Essentially every survival game is set in the same world – or at least the same atmosphere. In DayZ, State of Decay, and Dying Light, it’s the actual apocalypse, when zombies have overtaken all of civilization. The Long Dark, The Forest, and Rust are more sober and realistic, but the tone and the sense of place remain the same. It’s all about desolation, this sense that the comforts of everyday life have been annihilated, and you’re trying to eke out an existence in a place that’s either completely dead or is entirely antithetical to the modern world. It’s all gone. Or it was never here to begin with. That’s scary and tense in its own way, but it’s nothing compared to Project Zomboid, the best survival game I’ve ever played.
Project Zomboid doesn’t take place in a world that has collapsed, nor is it set in a wilderness where you, as the player, are an interloper. Instead, the Knox County of Project Zomboid is in the process of collapsing. Monsters fill the streets. Your friends and neighbors are all dead, and the structures and systems of modern Western society have been summarily torn to pieces.
But, at least in the early game, the TV and radio stations are still broadcasting. Suburbia still looks like suburbia. The shops and businesses that line the streets of Muldraugh, Riverside, and so on remain well-stocked, with the power still on and cars parked outside. Stay alive long enough and you will, gradually, watch all of this start to fold into itself. But the survival game is largely set on that precipice between normality and apocalypse.
And that’s what makes it frightening. In a lot of Project Zomboid’s rivals, the extent of the destruction or the totality of the barrenness becomes fantastical – these are worlds that pass, at best, only the faintest resemblance to our own. On the contrary, everything in Zomboid is recognizable, banal, ‘real.’ Based on actual maps of Kentucky and Tennessee, The Indie Stone’s zombie game becomes a horrific contortion of familiar small towns – your town.

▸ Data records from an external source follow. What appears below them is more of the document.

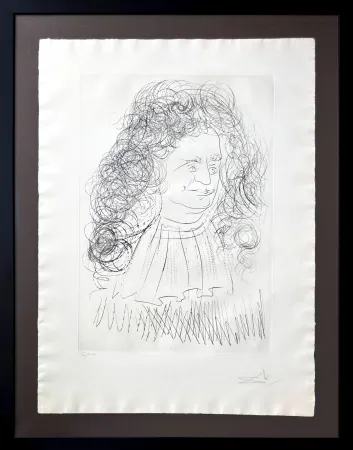 Água-Forte Dali - Portrait of la Fontaine
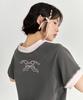 ADOREBELLE V-Neck Ribbon Sweatshirt - Charcoal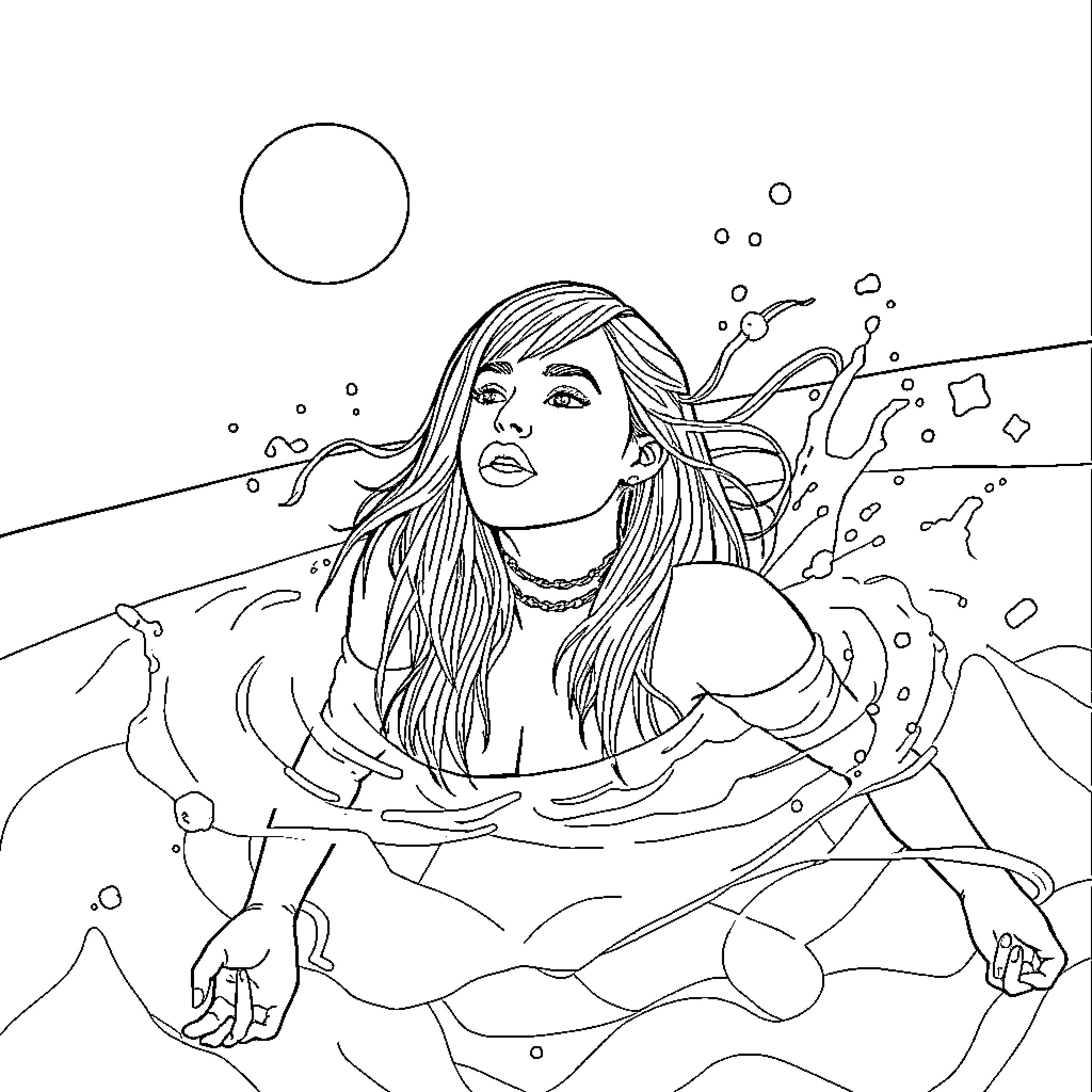 Billie Eilish floating in a surreal aquatic scene Coloring Page (free black-and-white line drawing printable PDF for all, from beginners to advanced learners, including children, teens, adults, and seniors)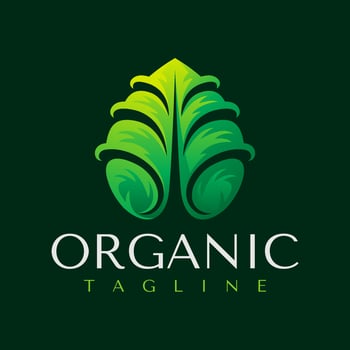 Modern gradient leaf plant logo design. Colorful green nature organic logo brand. vector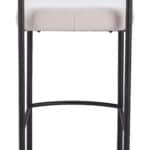 Ivory Teddy Fabric Barstool with Black Steel Frame (Set of 2) 15 Ivory Teddy Fabric Barstool with Black Steel Frame (Set of 2)
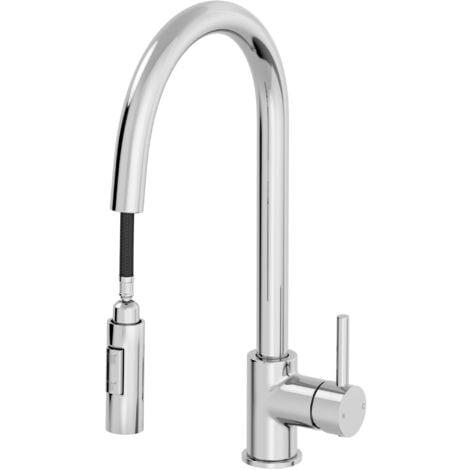 ArtiKitch Chrome Pull Out Kitchen Mixer Tap Dual Spray Swivel Spout Single Lever Brass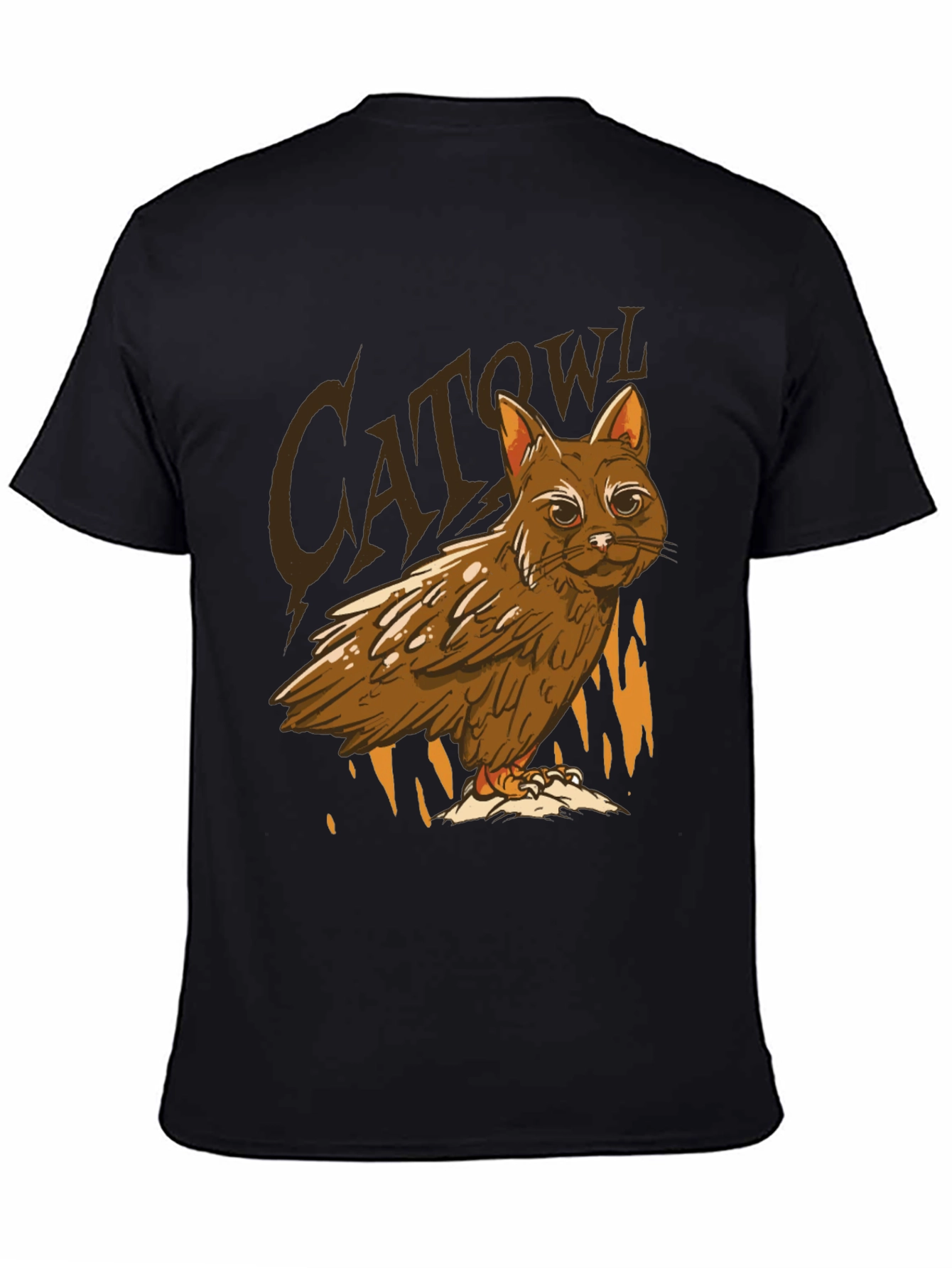Black Cat Owl Hybrid T-Shirt - Funny Animal Tee view 4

In the true sense of the world – twisted, illogical, and grotesque, but still rooted in some kind of tangible personal experience – the world of Project Zomboid is nightmarish. I wake up. I watch the television. I eat breakfast. I leave the house to get some new tools from the DIY store. And on my way I pass six of my neighbors, on their hands and knees, eating flesh off the tarmac.
Narratively and conceptually, survival games should put you under pressure, and never allow you to feel at ease. The problem, however, is that no matter how bleak or brutal their settings, they inevitably become normal. In The Forest, as a player, you never know or experience anything other than the eponymous, cannibal-infested wildlands. In The Long Dark, from the start of the game, you’re lost in the Canadian tundra, and so, despite its exceptional devastation, it always was and always is normal.
That opening sequence of The Last of Us, where Joel is trying to save Sarah as his town falls into chaos, or that scene in The Walking Dead when Shane and Lori are standing on the side of the highway watching the bombers drop napalm on Atlanta. The reason these are so affecting is because they connect our own actual living world, as an audience, to the terrifying alternate reality of the respective games and shows. This is why Project Zomboid is so frightening. There’s just enough reality there to contextualize and emphasize the atrociousness of the apocalypse.